▶ Task instructions: Without pictures, return the lines from the one containing "Оригинальный компрессор воздушного" through the last line of the data below, exactly.

▶ Material to process:
■ ■ ■ ■ ■
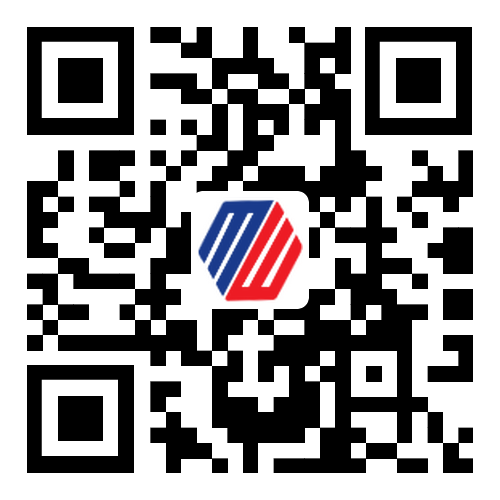 手機(jī)官網(wǎng) 手機(jī)官網(wǎng)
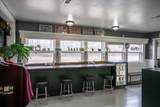 1111 Main Street - Photo 21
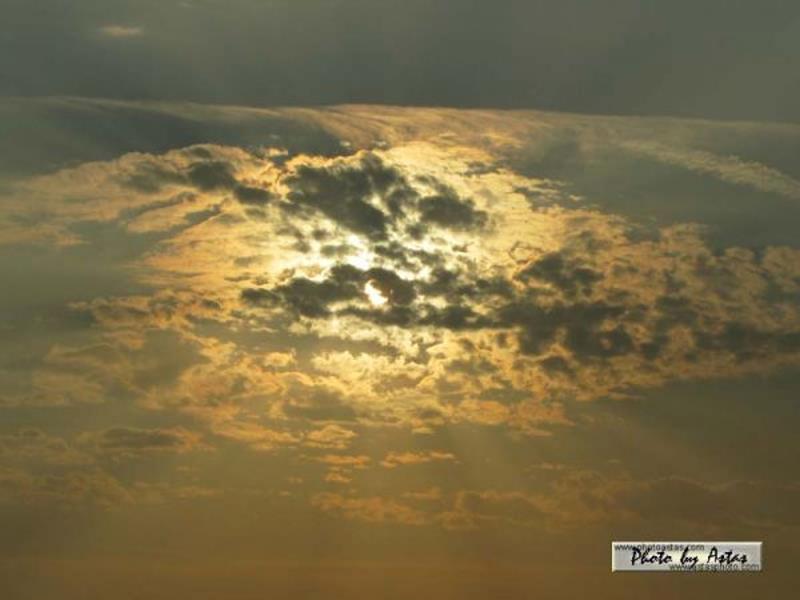 Schliessen von wetterkabriolen00010.jpg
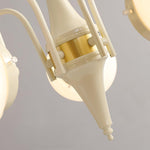 sputnik-space-age-chandelier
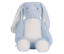 ZIPPIE BUNNY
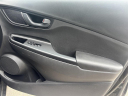 Thumbnail image of 2023 Hyundai KONA at Stanley Automotive Enterprises Inc.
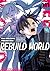 Rebuild World (Manga) Volum...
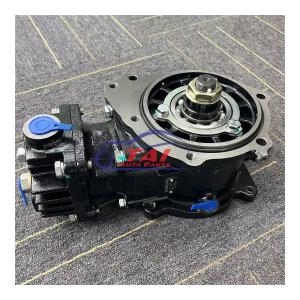 Оригинальный компрессор воздушного тормоза Mitsubishi Diesel Engine Parts ME037933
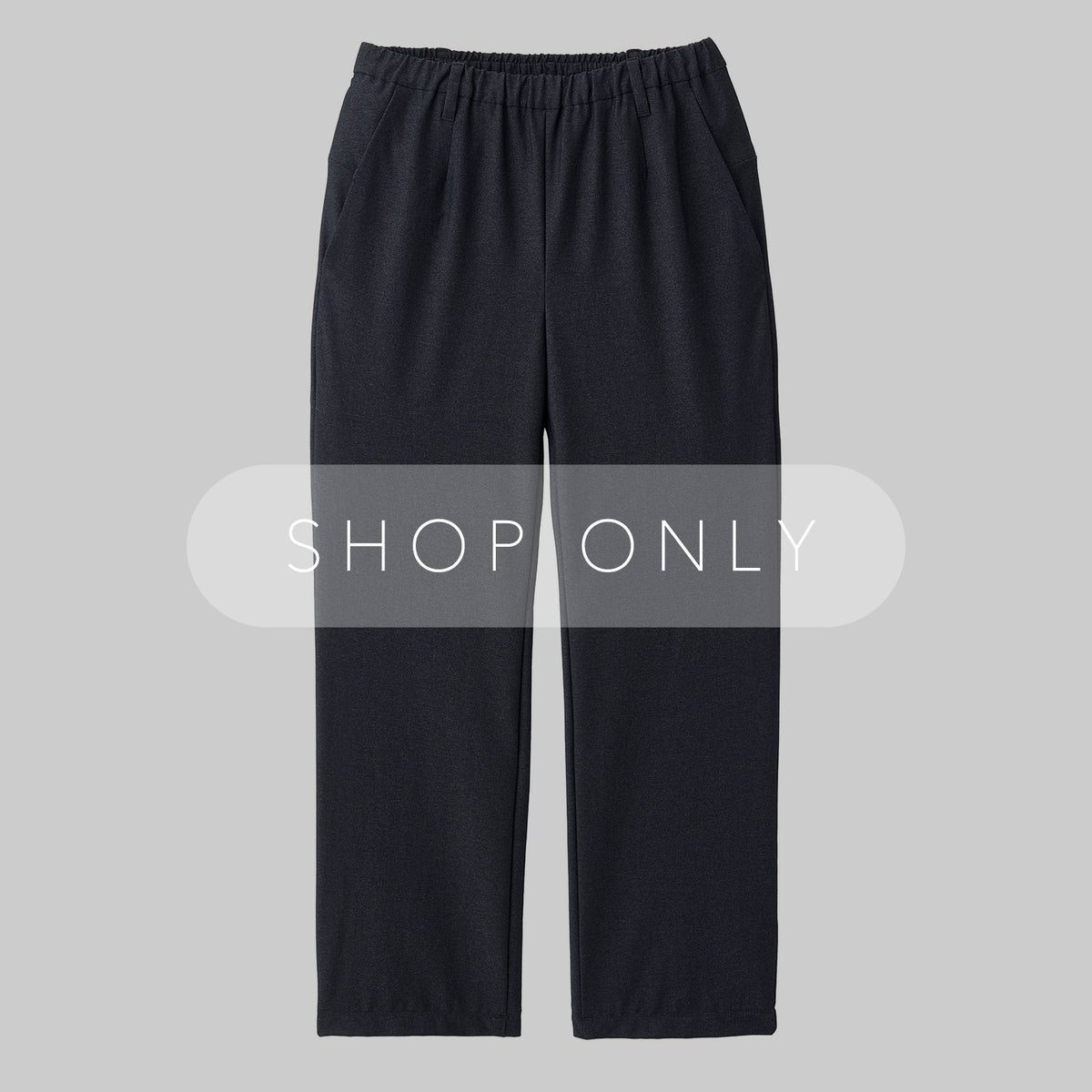 TEATORA - WALLET PANTS CITY - dual divisor1 (TT-004C-DD1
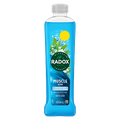 Radox Bath Soak 500ml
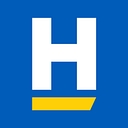 Heilind logo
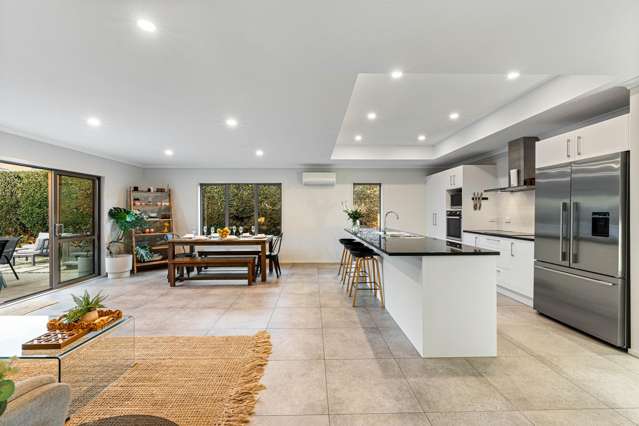 14 Will Street Huapai_3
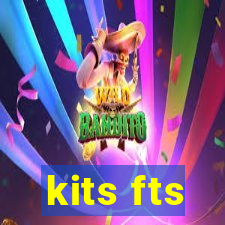 kits fts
■ ■ ■ ■ ■
▶ Reply:
 Оригинальный компрессор воздушного тормоза Mitsubishi Diesel Engine Parts ME037933
 TEATORA - WALLET PANTS CITY - dual divisor1 (TT-004C-DD1
 Radox Bath Soak 500ml
 Heilind logo
 14 Will Street Huapai_3
 kits fts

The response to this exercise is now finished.